◆ **REQUIRED ACTION**:
After locating the line that contains "909 Beaumont Ave — Photo 17" in the material below, copy that line and each one following it, exactly, up to the last line. Pictures stay out.

◆ **RECORDED INFORMATION**:
============================================================

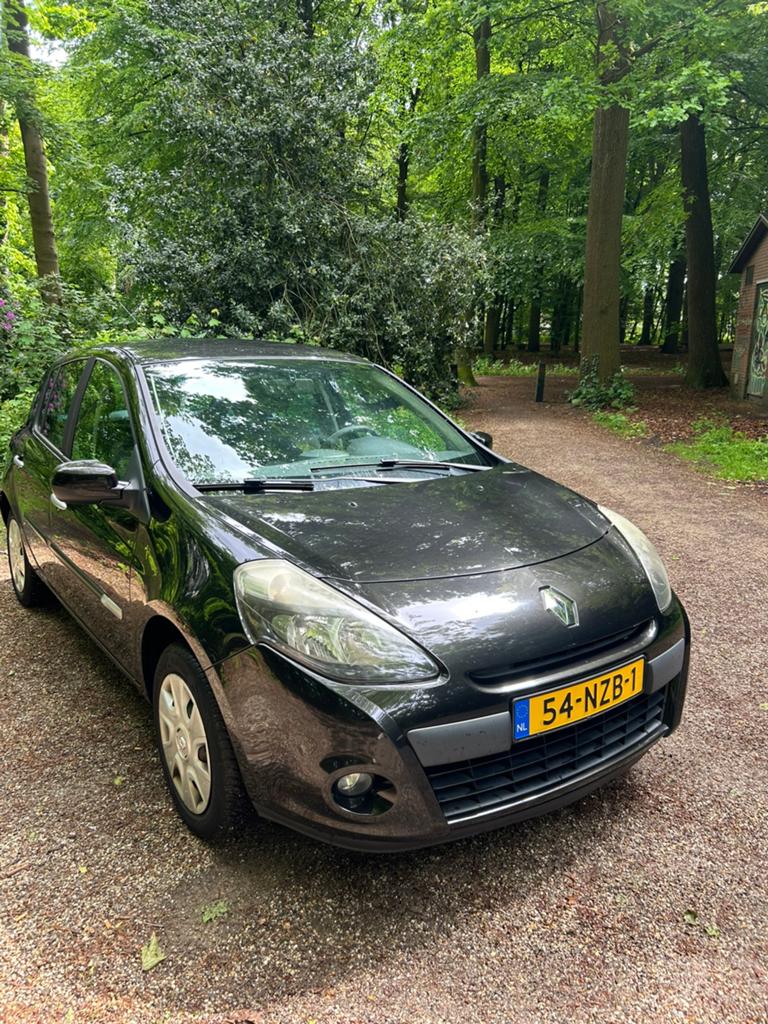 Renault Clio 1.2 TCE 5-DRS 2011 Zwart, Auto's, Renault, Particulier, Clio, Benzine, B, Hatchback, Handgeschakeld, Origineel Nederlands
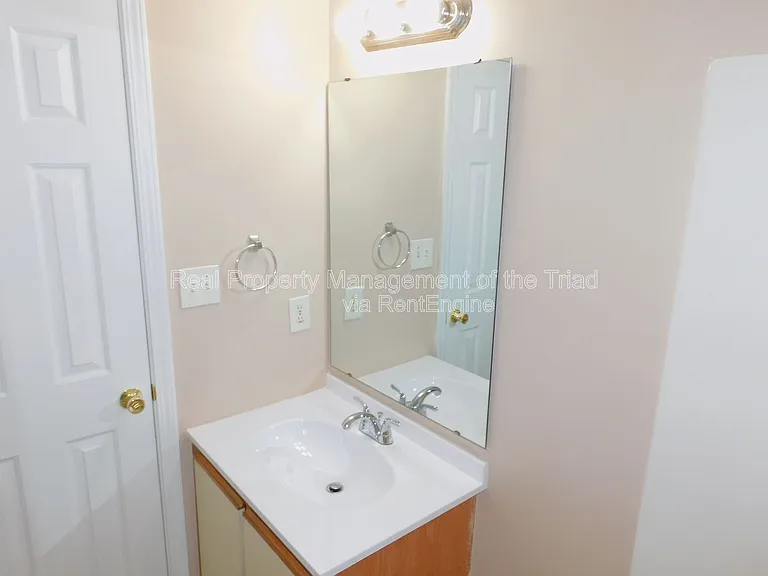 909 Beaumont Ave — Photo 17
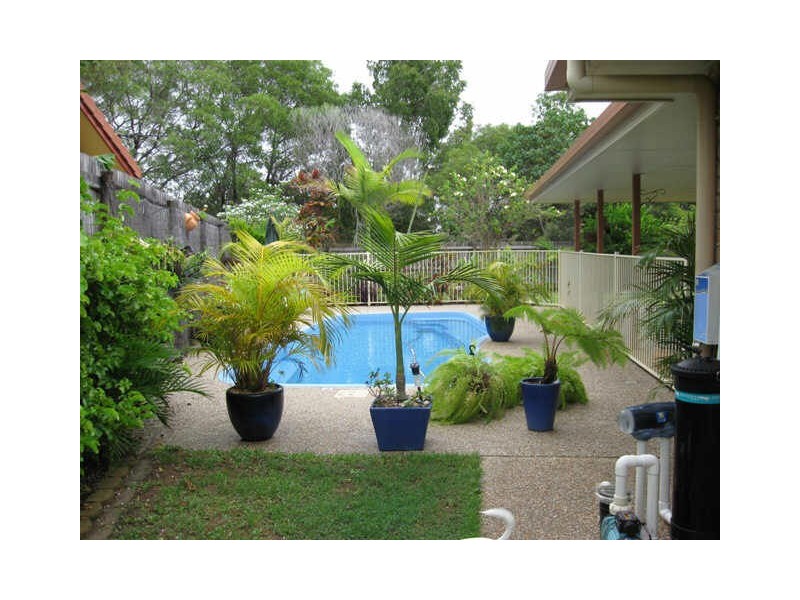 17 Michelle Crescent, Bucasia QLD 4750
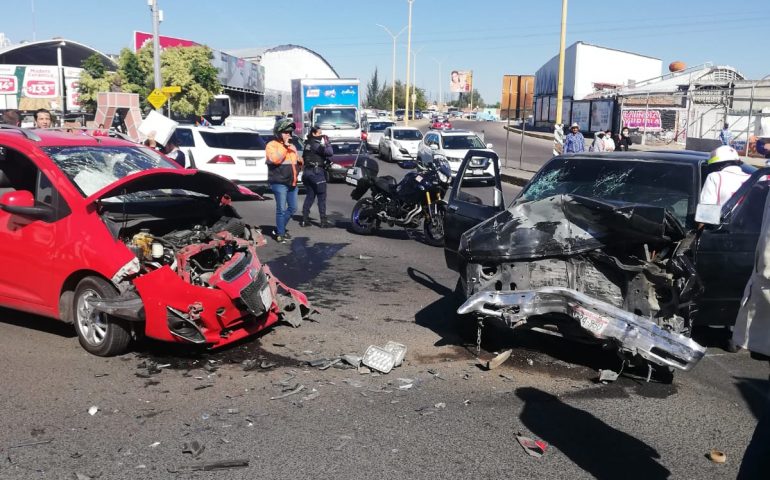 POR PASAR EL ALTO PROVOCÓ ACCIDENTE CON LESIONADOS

============================================================

◆ **RESPONSE TO THE EXERCISE**:
 909 Beaumont Ave — Photo 17
 17 Michelle Crescent, Bucasia QLD 4750
 POR PASAR EL ALTO PROVOCÓ ACCIDENTE CON LESIONADOS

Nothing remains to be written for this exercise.